Here we catch up with Sarah Allen of Foodservice Update, who tells us why a phone call is always better than an email. She also gives us an insight into the weird and wonderful world of the foodservice industry.
About the publication:
Who reads it and how many of them are there?
Foodservice Update is mainly read by senior buyers for quickservice outlets like cafés, sandwich shops, coffee shops, juice bars, bakeries and delicatessens as well as independent pubs. We currently distribute the magazine to more than 22,000 owners.
What subjects do you cover?
The magazine is all about new products to keep the industry fresh and up to date so we feature the latest product launches in food, drink and equipment plus other non food products like tableware and cutlery.
What makes you different from the other outlets in your sector?
Foodservice Update is a product book and the editorial is succinct and to the point with important information for the buyer. As it’s an objective magazine, we never favour one product over another but rather present each one as a product in its own right.
Do you produce a features list? Yes.
Why? So that press representatives know what we’re planning to write about and can send in the relevant information.
Do you use freelance contributions, and if so, are they for any particular section/type of work?
No, all editorial is done in-house.
What’s the best starting point for a PR who wants to tell you about their client?
A phone call. It’s much easier to discuss things. Emails are easily sent to the wrong address or not caught in time for deadlines if I’m out of the office. With a phone call, I can actually find out about the company and whether or not what they’re promoting is relevant to Foodservice Update. The PR can also ask me any questions they might have to ensure they send in the relevant information.

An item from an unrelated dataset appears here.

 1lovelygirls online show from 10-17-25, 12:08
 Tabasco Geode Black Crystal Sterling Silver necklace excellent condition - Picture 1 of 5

What information/input from PRs is most useful to you?
As much detail on the product they’re promoting as possible. Who is it ideal for? Why? Where can customers purchase it from? Distributor’s website and UK telephone number? Also high resolution images, preferably jpegs.
Do you have a PR pet hate?
Generally I’m quite happy but every now and again, there’ll be one that calls repeatedly to find out whether something they sent in was of interest, even after you’ve confirmed receipt of the information. This is why the initial phone call I was suggesting is so handy as they can find out then and there that it could be used or it definitely won’t be because it’s not relevant to the magazine.
When is the best time for PRs to contact you & what is your deadline for contributions?
There’s never really a ‘best time’ for PRs to contact me as I can never predict what I’ll be doing from one day to the next. I’m always working on something. Deadlines vary depending on the issue and can be found on our website www.dewberryredpoint.co.uk
What interests you most about your job?
The weird and wonderful inventions that come through every day. The product launches really do seem to be endless!
What led to you becoming a reporter for Foodservice Update?
I’d just completed a Masters degree in journalism. I saw an advertisement for the job online by an agency, applied, went in for an interview with the editor, and the rest, as they say, is history.
Do you Twitter? Why, why not?
No. I’m not a fan of faddy things like that and from what I’ve heard of it, I can’t see the value in it.
I’d like to have a go at…
Horse riding is the first thing that springs to mind. I’ve never tried it before and would love to – it seems like fun! Failing that, Go-Kart racing.
If you could time travel what time would you go to?
That’s a fab question! I’d probably go back to the early nineties. I’ve got pretty eclectic taste in music like blues and jazz but I developed a belated appreciation for grunge rock – Nirvana, the Pixies, Soundgarden – about ten years ago. It would be great to go back and go to some great gigs, like I do now with today’s bands!